The Vancouver Police Department announced that it has officially updated its handcuff policy, requiring officers to consider age, ethnicity and the seriousness of a suspected incident before proceeding. apply handcuffs.
The announcement follows tentative policy changes following a May 2021 incident that saw officers detain and handcuff the province’s first black Supreme Court justice, Selwyn Romilly, as he was looking for another black man who was half his age.
The policy itself was amended in October of the same year and came into effect provisionally.
However, at the time, the Vancouver Police Commission said it would be officially approved after recommendations from an investigation into Romilly’s case, as well as a case from the British Columbia Human Rights Tribunal. British involving an Aboriginal man and his granddaughter who were wrongfully detained outside a Vancouver bank.
That case was settled in September and an update to Romilly’s Police Act complaint formalized the change on Friday.
“Retired judge Romilly has signed an amicable resolution agreement [on Thursday]that is why we released it today,” Constable VPD Tania Visintin said in an emailed statement on Friday.

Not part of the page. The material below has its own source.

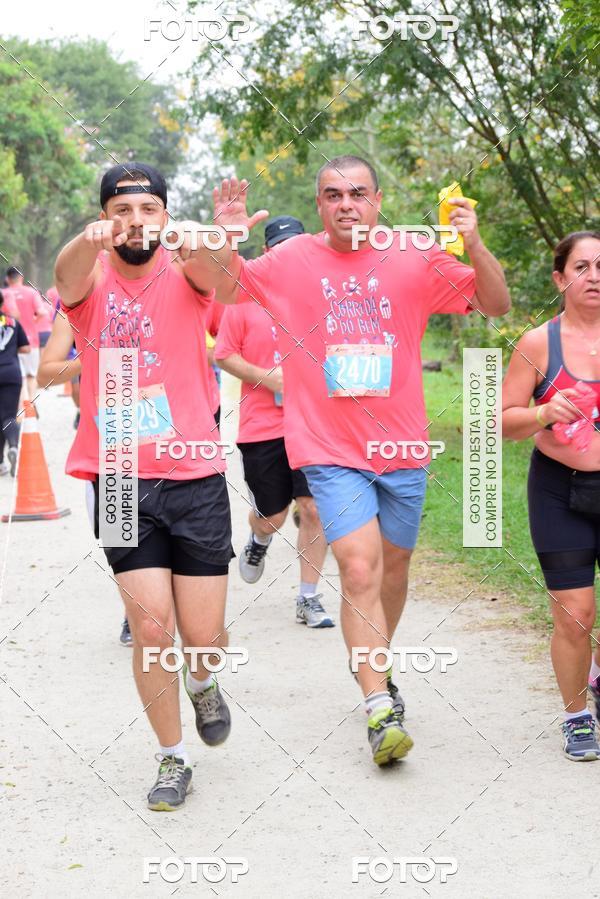 Buy your photos of the eventCorrida do Bem 2018- So Paulo on Fotop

On May 14, 2021, five Vancouver police officers approached Romilly as he walked on the Stanley Park seawall and handcuffed him, mistaking him for an assault suspect described as dark-skinned and 40 years old. at 50 years old.
The VPD’s use of handcuffs has come under intense scrutiny since Heiltsuk man Maxwell Johnson and his granddaughter Torianne were handcuffed outside a bank despite having committed no crime.
Additionally, the retired judge’s wrongful handcuffing prompted questions about the department’s treatment of black people, particularly after it emerged that VPD officers had falsely imprisoned Selwyn’s brother Valmond in 1974. .
Retired Judge Romilly graduated from law school at the University of British Columbia in 1966, and he was decades older than the suspect sought by police.
“I don’t have a weapon, I don’t have anything in my hand or on me. And there, at 9:45 a.m., near Third Beach where there are a lot of people, you have a black man… chained up, handcuffed and passers-by. I found that very embarrassing,” Romilly told CBC News at the time.
The head of the department, along with then-mayor Kennedy Stewart, apologized to the judge after the incident.
New policy puts accountability on officers
The most notable changes to the VPD’s handcuff policy are documentation of the safe use of handcuffs and that officers must have legal authority to use them.
Officers are now being asked to exercise discretion regarding the seriousness of the offence, as well as to take into account the individual’s age, indigenity, race and disability.
“A police officer cannot consider handcuffing someone who is under arrest, detained or apprehended as a routine action,” read a statement from the VPD outlining the policy changes.
The policy also places legal responsibility on individual officers who use force, with the department saying officers cannot rely on an order to avoid legal repercussions.